But just like the stock market bounced back, so too the global bond market might be more buoyant than expected in 2018, a JPMorgan report notes – in spite of meaningful headwinds.
As the US Federal Reserve is set to raise interest rates three or four times in 2018 – analyst guesses vary – despite tapering and Fed balance sheets shrinking, don’t expect much variance in global bond supply and demand.
In a Global Markets Strategy report, JPMorgan’s Nikolaos Panigirtzoglou and his team look at the anticipated $1.1 trillion global bond supply and demand imbalance and note that several factors might not add up.
Panigirtzoglou thinks that nearly $500 billion of this year’s $1.1 trillion central bank-related imbalance is going to be offset by commercial banks and other factors. This includes lower bond supply reserve accumulation due to currency factors and pension funds and insurance firms buying bonds to lock in stock gains.

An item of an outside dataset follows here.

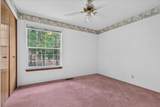 111 Sherwood Lane - Photo 24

In a 2018 bond market that is projected to be stable, what happens to stocks?
JPMorgan sees retail investors "pouring into equities"
Lead by weak IPO and equity offerings, coupled with steady corporate buyback activity, there has been zero global equity supply growth in 2016 and 2017, JPMorgan noted. When supply is constrained and demand grows, price increases.
With the S&P 500 finishing 2017 up a stout 21.8% — it has only beaten this mark nine times since 1988 – the stock market has been on a roll. December, for instance, marked the 14th consecutive month of positive total returns for the index – its best since performance since 1928, just before the Great Depression.
While 2017 forecasts were generally focused on differentials between reflation versus volatility as well as fiscal stimulus versus shrinking Federal Reserve liquidity, what actually occurred was quite different, a Bank of America Merrill Lynch report noted.
It was a “goldilocks” environment for investors, with technology stocks being the “workhorse for the market,” accounting for nearly 40% of total returns. The report, titled “2017: Goldilocks crushed the bears,” highlights that it was not only noncorrelation that made a difference, but the successful funds also had the right factor tilts.
JPMorgan, for its part, sees little changing in the 2018 stock supply demand. “Low supply boosts equity market performance as it magnifies the impact of any given increase in equity demand, Panigirtzoglou and his team observed. “Retail investors should continue to pour money into equity funds this year given momentum and lack of alternatives,” he wrote, pointing to a “lack of alternatives” in a world defined by zero cash rates.